Funding Type: Competition Funded PhD Project (Students Worldwide)

Type of Study: PhD

Summary

Supervisors: Benjamin Neimark, Lecturer in Human Geography; Simon Batterbury, Chair in Political Ecology; Camilla Toulmin, Professor of Practice, Lancaster University; International Institute for Environment and Development (IIED).

This is an exciting opportunity for a PhD student to engage in cutting edge research with a supervisory team who have many years of experience in critical development studies and a dynamic political ecology research group. The project provides a unique opportunity to engage in interdisciplinary training (social, spatial and environmental) to address key global sustainability challenges, including urban land-acquisitions, poverty alleviation and peri-urban sustainability. Mali faces far-reaching sustainable development, poverty, governance, and security challenges that are complex and deep-rooted. It is also experiencing growing migratory drift to cities, placing land pressures on peri-urban environments. The peri-urban zone is at the heart of growing concerns of ‘land grabbing’ and intense conflicts between actors who understand land administration procedures and have the means to access formal titles and those without similar knowledge, connections or power. Moreover, given rising land prices and proximity to markets, the peri-urban zone presents an opportunity for investors seeking high-value assets and new income streams. What are the drivers of peri-urban land grabbing, and what are the tensions that exist between established land-holders, investors, and newly-migrated peri-urban dwellers?



Funding Notes

Full studentships (UK/EU tuition fees and stipend (£14,296 2016/17 [tax free])) for UK/EU students for 3.5 years or full studentships (International tuition fees and stipend (£14,296 2016/17 [tax free])) for International students for 3 years.

http://www.lancaster.ac.uk/lec/graduate-school/phd/current-opportunities/index.php?phd_id=320



http://www.lancaster.ac.uk/sci-tech/downloads/phd_320.pdf



political ecology group http://www.lancaster.ac.uk/lec/research/research-areas/political-ecology/







2)Sinking Citizens: A Study of Africa’s Flood-displaced Urban Poor

Deadline for Applications: Tue 28 February 2017

Funding Type: Competition Funded PhD Project (Students Worldwide)

Type of Study: PhD

Apply online

Summary

Supervisors: Dr Manoj Roy (Lancaster Environment Centre, Lancaster University) and Dr Maria Angela Ferrario (School of Computing and Communications, Lancaster University), with additional supervisor(s) from Tanzania and/or Ghana.

Urban climate change risks are often amplified for those who live in informal settlements – places that are undesirable to others thus affordable (these include informal settlements on precarious lands, at high risk from land-slides, sea-level rise, and flooding) and where there is inadequate provision for adaptation.
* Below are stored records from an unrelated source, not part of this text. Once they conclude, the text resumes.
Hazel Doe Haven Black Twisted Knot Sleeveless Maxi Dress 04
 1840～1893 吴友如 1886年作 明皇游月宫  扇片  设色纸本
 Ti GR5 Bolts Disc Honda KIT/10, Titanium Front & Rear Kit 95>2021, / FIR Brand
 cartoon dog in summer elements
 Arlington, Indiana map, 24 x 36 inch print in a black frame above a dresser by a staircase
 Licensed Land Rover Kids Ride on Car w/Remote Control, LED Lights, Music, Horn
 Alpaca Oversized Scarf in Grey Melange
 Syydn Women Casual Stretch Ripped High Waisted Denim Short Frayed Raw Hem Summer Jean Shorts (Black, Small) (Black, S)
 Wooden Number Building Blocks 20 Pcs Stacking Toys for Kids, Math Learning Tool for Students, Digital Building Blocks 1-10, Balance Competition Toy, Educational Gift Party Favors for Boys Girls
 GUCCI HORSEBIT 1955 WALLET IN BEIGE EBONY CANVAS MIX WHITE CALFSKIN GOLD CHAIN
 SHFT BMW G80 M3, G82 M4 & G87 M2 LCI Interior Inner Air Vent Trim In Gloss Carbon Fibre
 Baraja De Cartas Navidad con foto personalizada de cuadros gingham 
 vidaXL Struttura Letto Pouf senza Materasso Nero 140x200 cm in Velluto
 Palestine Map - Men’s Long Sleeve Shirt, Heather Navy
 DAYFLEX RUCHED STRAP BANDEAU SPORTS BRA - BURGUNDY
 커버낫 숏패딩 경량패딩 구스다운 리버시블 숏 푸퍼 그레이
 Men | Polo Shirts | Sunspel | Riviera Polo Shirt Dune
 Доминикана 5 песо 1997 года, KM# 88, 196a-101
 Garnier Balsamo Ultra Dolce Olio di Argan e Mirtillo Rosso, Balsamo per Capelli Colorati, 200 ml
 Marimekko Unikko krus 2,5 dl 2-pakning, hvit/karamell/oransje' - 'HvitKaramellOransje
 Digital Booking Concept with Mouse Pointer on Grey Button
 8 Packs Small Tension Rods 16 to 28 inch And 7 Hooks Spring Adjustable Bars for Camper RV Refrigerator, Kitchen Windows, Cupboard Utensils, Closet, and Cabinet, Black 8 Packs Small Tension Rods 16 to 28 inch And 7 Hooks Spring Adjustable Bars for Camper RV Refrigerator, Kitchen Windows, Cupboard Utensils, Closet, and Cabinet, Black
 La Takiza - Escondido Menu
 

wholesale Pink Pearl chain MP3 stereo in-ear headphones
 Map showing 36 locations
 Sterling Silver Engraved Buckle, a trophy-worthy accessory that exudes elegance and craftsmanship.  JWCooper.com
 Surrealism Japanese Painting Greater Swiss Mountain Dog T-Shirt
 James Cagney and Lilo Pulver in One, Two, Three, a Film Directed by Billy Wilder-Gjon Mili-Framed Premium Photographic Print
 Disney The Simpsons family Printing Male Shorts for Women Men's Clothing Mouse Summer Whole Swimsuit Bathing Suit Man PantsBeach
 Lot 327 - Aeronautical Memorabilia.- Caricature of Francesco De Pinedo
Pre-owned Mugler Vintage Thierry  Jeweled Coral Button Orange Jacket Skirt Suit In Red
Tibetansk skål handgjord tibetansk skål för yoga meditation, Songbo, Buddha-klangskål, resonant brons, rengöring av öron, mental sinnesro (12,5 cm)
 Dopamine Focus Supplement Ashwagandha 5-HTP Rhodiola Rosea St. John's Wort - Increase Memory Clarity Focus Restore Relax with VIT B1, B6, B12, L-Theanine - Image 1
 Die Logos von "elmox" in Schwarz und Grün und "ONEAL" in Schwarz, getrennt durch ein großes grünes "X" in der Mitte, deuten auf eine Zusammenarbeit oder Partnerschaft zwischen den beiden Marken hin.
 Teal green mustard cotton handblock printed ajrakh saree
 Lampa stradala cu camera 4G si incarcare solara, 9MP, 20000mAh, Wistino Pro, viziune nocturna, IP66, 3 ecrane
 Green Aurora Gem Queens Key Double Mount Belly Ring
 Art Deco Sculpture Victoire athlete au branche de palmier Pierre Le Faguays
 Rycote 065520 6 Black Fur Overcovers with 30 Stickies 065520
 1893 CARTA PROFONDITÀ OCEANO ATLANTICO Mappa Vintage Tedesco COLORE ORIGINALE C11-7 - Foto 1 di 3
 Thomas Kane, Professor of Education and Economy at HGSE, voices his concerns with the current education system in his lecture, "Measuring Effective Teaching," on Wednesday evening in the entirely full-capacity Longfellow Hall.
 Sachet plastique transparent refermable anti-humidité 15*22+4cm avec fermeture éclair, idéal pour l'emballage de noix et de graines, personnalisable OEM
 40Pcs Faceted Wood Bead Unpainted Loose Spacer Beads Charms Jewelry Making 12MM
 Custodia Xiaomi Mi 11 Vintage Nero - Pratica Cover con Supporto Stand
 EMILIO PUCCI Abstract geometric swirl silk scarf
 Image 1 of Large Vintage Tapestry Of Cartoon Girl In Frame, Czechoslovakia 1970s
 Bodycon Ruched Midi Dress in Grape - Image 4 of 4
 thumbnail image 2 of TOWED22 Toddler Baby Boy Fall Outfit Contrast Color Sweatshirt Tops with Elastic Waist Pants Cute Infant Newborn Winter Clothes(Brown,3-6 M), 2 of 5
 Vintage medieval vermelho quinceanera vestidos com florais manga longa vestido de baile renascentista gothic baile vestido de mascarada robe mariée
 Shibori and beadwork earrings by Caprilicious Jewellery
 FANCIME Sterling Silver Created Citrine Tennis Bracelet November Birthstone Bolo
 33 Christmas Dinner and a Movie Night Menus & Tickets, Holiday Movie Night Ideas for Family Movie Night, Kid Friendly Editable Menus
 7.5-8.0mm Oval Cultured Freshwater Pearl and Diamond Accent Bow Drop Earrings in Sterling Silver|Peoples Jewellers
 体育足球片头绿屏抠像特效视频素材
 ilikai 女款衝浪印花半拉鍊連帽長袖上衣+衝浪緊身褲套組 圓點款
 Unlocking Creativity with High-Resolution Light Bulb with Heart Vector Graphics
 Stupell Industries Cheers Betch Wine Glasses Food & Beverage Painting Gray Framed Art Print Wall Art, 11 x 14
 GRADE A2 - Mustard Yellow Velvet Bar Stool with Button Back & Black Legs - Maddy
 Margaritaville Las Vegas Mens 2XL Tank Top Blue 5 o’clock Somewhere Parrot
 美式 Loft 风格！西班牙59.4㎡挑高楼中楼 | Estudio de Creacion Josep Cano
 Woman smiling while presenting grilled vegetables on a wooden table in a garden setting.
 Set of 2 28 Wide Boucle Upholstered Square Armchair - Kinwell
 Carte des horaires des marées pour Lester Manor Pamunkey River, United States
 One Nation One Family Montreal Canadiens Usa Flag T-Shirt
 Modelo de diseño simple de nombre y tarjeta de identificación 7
Whilst poverty estimates are notoriously unreliable, predictions consistently show an upward trend of poverty in towns and cities across the Global South, with a jump from 17 to 28% in the past 10 years. In Sub-Saharan Africa the urban share of poverty is already 25%. Predicted to outpace all other regions in the rate of urbanisation, high rates of urban poverty in Africa are already regarded as a major challenge for global poverty reduction goals.

Increased climate variability, especially altered temperature and rainfall patterns, is also predicted to be one of the major factors to aggravate the everyday shocks and stressors facing Africa’s growing poor urban populations. The impacts are both direct and indirect: homes are flooded/ damaged/ destroyed; loss of basic services; livelihoods are disrupted; incomes fall; and health burdens increase, placing additional demand on already overstressed housing facilities and services. For decades, government policy has neglected these people, continues to do so; as a result, households and communities are doing what they possibly can - adjusting their homes and changing their livelihoods and lifestyles on their own.

While scholarship on urban flooding is growing, research to date concerned itself little about the hidden/shadow spaces of suffering, and the full social cost that it entails for poor urban people. Existing studies tend to focus on the actual (spatial) extent of urban floods, and usually concern only those people that keep residing within that space. Population who are displaced involuntarily, short/longer terms, are at best studied partially from those who still live in the affected area. Studies that try to track the displaced are rare. We rarely know how far the affected people move to cope or to acquiescence, how long they stay displaced, who they get support from, what the cumulative direct and indirect (i.e. full) social cost of such displacement is, and the opportunities that the practices developed by affected population may reveal (e.g. what makes people going back to high-risk urban floods – e.g. economic opportunities / family ties; what mechanisms could support a regeneration of extra urban/rural areas currently only seen as ‘shadow’ places of displacement).

Against this backdrop, this PhD project aims to develop an interdisciplinary methodology to map the hidden/shadow space of flood sufferings, to estimate the social cost of urban flooding in informal settlements of Tanzania and/or Ghana, and to harness opportunities from existing practices developed by the affected population. The specific objectives are: (a) understanding the changing nature of urban flooding; (b) capturing the full extent of people’s displacement because of flooding; and (c) contributing to better flood forecast, preparation and adaptive action.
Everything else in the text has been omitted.